Honolulu, Hawaii, Jan 8, 2019 / 14:01 pm
Hawaii's law legalizing assisted suicide went into effect last week, but many physicians and pharmacists are choosing not to prescribe or dispense the needed medication.
The Our Care, Our Choice Act was signed into law in April 2018, and took effect Jan. 1.
“A minority of physicians feel prepared to actually participate in terms of writing a prescription," Dr. Daniel Fischberg, medical director of the The Queen's Medical Center palliative care department told the AP.

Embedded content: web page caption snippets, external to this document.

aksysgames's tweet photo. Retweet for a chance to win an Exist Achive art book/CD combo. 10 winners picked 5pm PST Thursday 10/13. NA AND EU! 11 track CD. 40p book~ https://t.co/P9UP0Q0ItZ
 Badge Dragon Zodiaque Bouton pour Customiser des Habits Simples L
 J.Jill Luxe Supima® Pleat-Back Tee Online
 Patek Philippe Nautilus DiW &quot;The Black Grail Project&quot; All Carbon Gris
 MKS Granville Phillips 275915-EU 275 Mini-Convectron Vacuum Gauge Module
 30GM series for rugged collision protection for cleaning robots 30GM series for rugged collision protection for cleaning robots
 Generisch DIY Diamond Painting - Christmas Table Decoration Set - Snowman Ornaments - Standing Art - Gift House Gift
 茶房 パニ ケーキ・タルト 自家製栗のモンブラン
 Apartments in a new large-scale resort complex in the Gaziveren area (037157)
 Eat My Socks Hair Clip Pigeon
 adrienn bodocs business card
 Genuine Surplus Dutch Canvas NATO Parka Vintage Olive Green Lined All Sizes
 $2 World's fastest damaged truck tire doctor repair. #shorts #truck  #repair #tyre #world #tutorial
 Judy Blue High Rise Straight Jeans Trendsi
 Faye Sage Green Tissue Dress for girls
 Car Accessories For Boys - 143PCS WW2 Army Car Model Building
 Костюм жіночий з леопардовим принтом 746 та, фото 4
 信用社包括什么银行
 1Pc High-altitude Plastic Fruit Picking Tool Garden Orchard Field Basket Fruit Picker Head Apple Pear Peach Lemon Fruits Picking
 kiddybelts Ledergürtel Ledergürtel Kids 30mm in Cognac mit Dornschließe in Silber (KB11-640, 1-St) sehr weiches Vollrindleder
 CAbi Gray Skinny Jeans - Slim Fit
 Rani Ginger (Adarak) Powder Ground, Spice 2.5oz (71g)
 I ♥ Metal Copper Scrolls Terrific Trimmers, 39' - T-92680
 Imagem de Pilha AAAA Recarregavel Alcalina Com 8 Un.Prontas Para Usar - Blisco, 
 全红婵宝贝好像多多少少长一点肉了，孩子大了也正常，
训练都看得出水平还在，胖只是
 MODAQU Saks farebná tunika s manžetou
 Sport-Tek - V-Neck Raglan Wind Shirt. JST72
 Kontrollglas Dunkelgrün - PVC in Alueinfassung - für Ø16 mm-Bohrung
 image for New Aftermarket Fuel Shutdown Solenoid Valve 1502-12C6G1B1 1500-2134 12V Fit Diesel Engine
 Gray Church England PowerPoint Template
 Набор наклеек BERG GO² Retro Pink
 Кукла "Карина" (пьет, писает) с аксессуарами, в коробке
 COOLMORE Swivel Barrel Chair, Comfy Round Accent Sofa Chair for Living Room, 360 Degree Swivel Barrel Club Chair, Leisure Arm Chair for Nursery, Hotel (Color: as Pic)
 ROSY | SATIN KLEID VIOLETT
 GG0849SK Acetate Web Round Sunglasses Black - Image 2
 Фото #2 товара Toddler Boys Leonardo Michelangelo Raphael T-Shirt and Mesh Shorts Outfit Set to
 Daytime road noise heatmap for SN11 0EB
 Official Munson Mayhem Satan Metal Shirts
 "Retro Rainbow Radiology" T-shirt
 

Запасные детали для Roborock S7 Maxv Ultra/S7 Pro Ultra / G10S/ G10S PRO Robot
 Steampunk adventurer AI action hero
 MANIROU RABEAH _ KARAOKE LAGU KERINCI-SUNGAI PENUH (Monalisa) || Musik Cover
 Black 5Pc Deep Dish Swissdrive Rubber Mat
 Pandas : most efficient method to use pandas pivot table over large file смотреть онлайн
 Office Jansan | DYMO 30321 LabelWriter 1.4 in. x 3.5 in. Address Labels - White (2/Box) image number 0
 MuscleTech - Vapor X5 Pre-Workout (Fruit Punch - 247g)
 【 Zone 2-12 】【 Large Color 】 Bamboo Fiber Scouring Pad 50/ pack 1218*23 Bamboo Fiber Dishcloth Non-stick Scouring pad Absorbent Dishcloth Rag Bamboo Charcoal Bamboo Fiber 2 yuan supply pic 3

According to the Honolulu Star-Advertiser, The Queen's Medical Center and Hawaii Pacific Health have both said their pharmacies will not fill prescriptions for assisted suicide, and patients may not administer the medication at their locations.
CVS has said that their pharmacists can choose whether to fill prescriptions for assisted suicide drugs.
The law allows a terminally ill adult Hawaii resident to receive a prescription for a lethal medication if two doctors find that the person has fewer than six months to live and is mentally competent. The patient must undergo a mental health evaluation to determine that they are not “suffering from conditions that may interfere with decision-making, such as a lack of treatment of depression,” according to the AP.
The patient must make two requests for the life-ending medication, with a 20-day waiting period between requests, and sign a written request witnessed by two people, one of whom cannot be related to the patient.
A doctor may dispense the medication, but it must be self-administered.